The Scar of David A novel by Susan Abulhawa - Leftbooks
How do you clear the debris of misconception and prejudice from people’s minds about one of the most misunderstood struggles in history? More importantly, how do you propel people toward a real understanding of the Palestinian people’s right to their homeland. Susan Abulhawa accomplishes these tasks (and more) with her first novel, The Scar of David.
The Scar of David by Susan Abulhawa stands out as more than an impassioned history of the Palestinian people’s struggle for their homeland. It is an intricate tapestry, a living quilt of five generations of Palestinian families, their lives and deaths, their pain and suffering and most importantly their love for their homeland — Palestine. More than any book I have ever read, the Scar of David leaves the reader with a new depth of understanding about Palestine and its people’s will to live.
This book, one of the finest pieces of realistic fiction that this review has ever read, moves beyond the conventional biographies and histories about Palestine and Israel. The Scar of David brings to life every breath of the Palestinian people and every major attack upon their existence beginning with the period before the establishment of the state of Israel when Jews and Arabs lived side by side in Palestine. An amazing story unfolds, despite growing hostile actions by the Zionists against the Arab population, about a friendship between Ari, a Jewish boy whose family escaped the German holocaust Hasan, son of a Palestinian farmer, and one of the main characters in the book.
The story is told by Hasan’s daughter, Amal. The reader experiences firsthand the “catastrophe” of Nabka, the heinous forced removal of the Palestinian people from their homes and the establishment of the state of Israel and brings us to the Israeli siege of the city of Jenin. The reader is submerged in the most critical struggles of the Palestinians from the early massacre at Deir Yassin to the brutal Israeli attack on the Sabra and Shatila refugee camp in Lebanon. Abulhawa skillfully and hauntingly humanizes every aspect of this resistance from the Intifada to the phenomena of the suicide bombings. The story includes the kidnapping of Amal’s infant brother, Ismael, by an Israeli soldier who raises him as a Jew.
The resistance of the Palestinian people is presented without rhetoric. It is always there as is the passion for the right of the Palestinians to return to their homeland. From the Zionist takeover of the olive groves to the forced removal from their homes, the reader is drawn into the pain and suffering forced upon the Palestinian people.
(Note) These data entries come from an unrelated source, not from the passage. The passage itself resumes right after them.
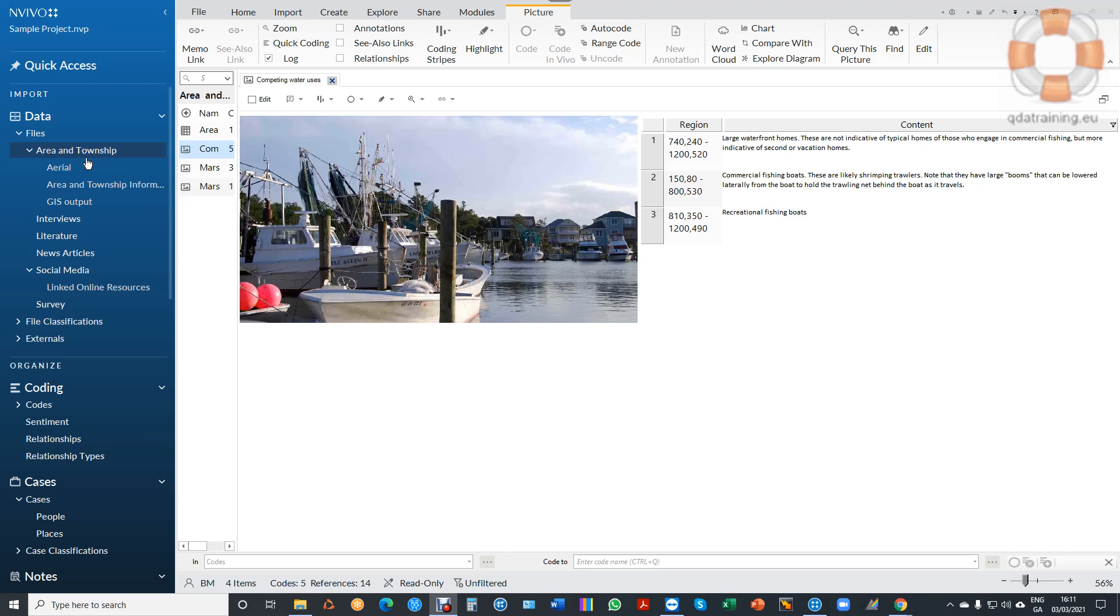This video is for anybody who wants to work with images and codify them in NVivo and text. Often people want to synchronize both, so I might have an image and some commentary around the image or a transcript where somebody is talking about the content of the image and I want to link up these two items.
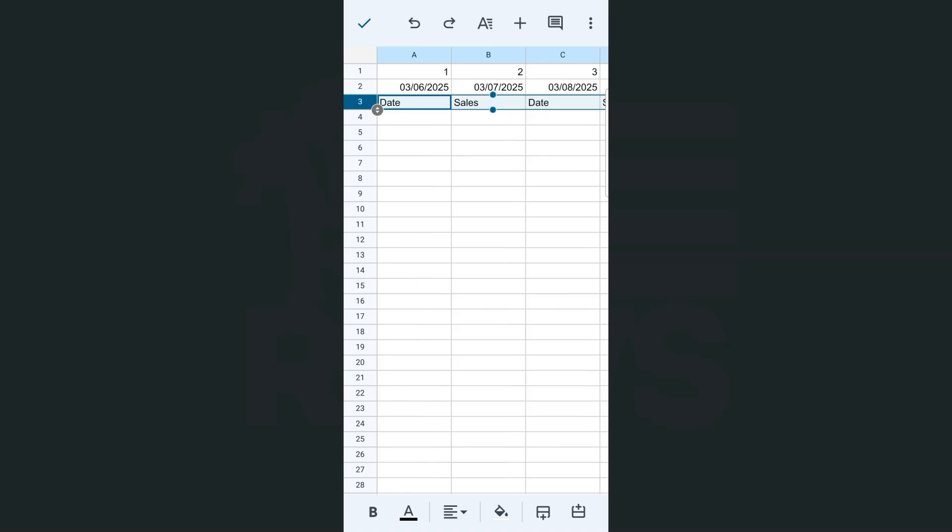That's how quick and easy it is to autofill your rows here in the Google Sheets app using both the iPhone and Android.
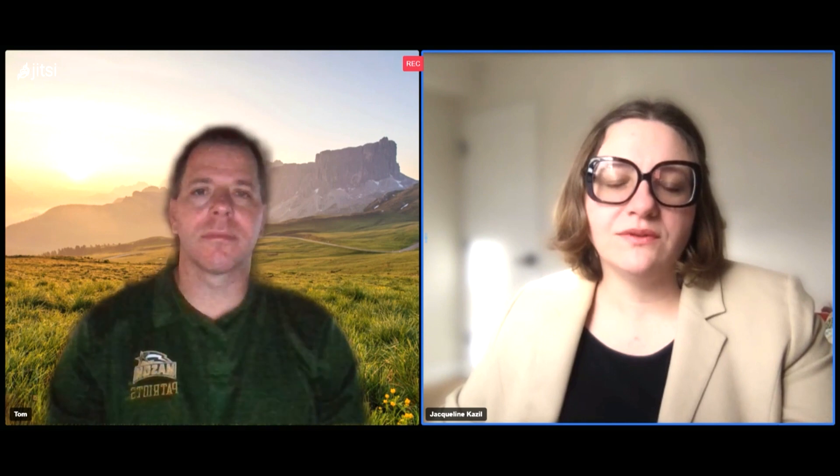In the first lesson, we'll be talking to Rob Axtell, one of the co-creators of the Sugarscape model. As you move through the lessons, please don't hesitate to ask questions. We hope you enjoy this tutorial.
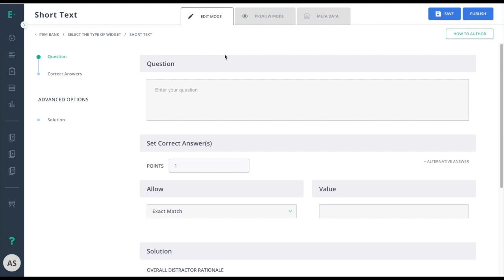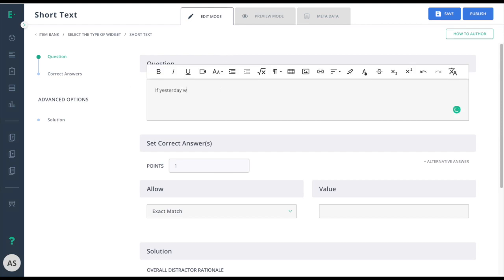Start by entering your question in the question field. Enter the correct answer in the value field.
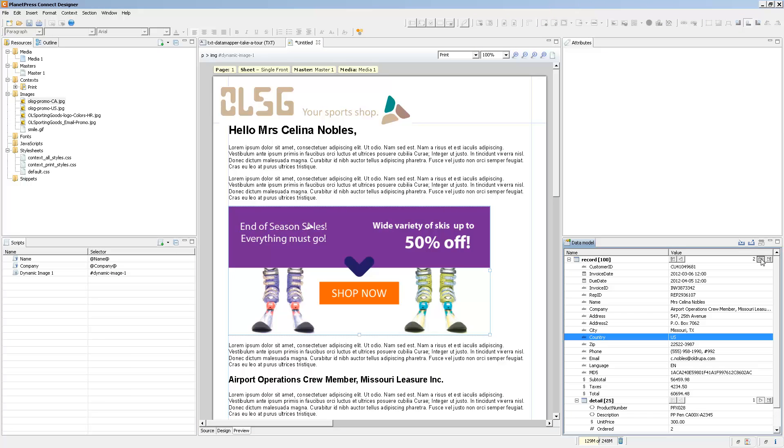So that's it for using images inside of the Connect Designer. Now PlanetPress Connect supports multiple types of images. Refer to the documentation to learn a bit more on how to use them.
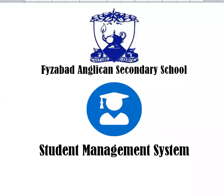Welcome to Fyzabad Anglican Secondary School's Student Management System. In this video, I will show you how to log on to the Student Management System for the first time and what you will see or can access through the system.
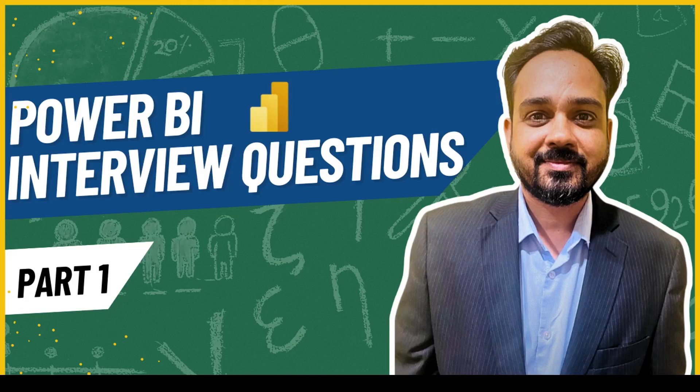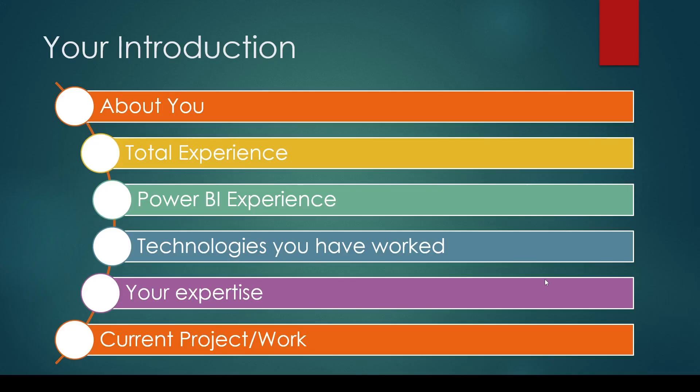In any interview, the first thing you'll be asked is to introduce yourself. Make sure your introduction is not too long and finishes in two to three minutes. Talk about yourself.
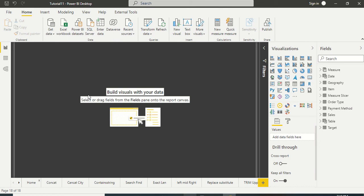Hello and welcome to another video of the Power BI Beginner Series. In today's video we are going to work on two Power Query functions — Trim and Clean text — which are already provided as part of the menu options.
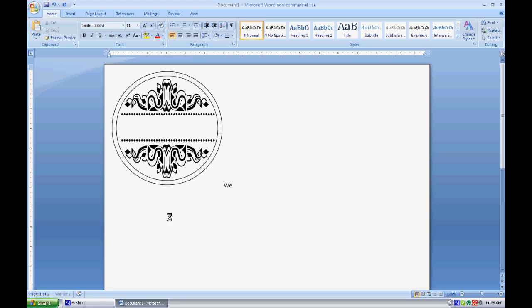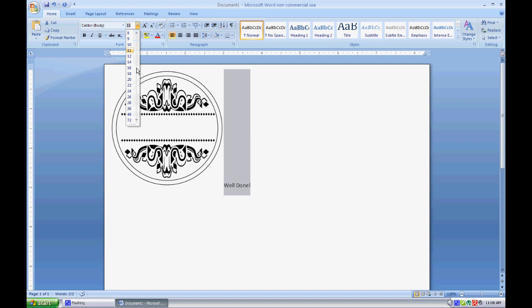So I'll type that out with an exclamation mark. Now I need to size this to match my image. That looks about right - 36 there.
Its pages are filled to overflowing with the heartbreaking destruction and murder of the indigenous peoples, their livelihood and their communities.
The Scar of David, both a play of words on the symbol of Judaism and the scar left on the Ismael (later renamed David) as a result of a childhood accident, is both haunting and hopeful. While often hard to read through tears triggered by its portrayal of Zionist brutality and inhumanity, it is also impossible to put down until finished. This story leaves the reader with the understanding of why the Palestinian people continue today to risk their lives in the struggle for their Palestinian homeland.
The Scar of David is a must read for everyone wishing to learn the truth about the Palestinian struggle. As a teacher, I would highly recommend its inclusion in middle school, high school and college classes. As an American Jew, I believe this book should be read by Jewish people everywhere who wish to tackle decades of misconceptions and, like David’s son, Jacob, understand and embrace the Palestinians’ right to their homeland.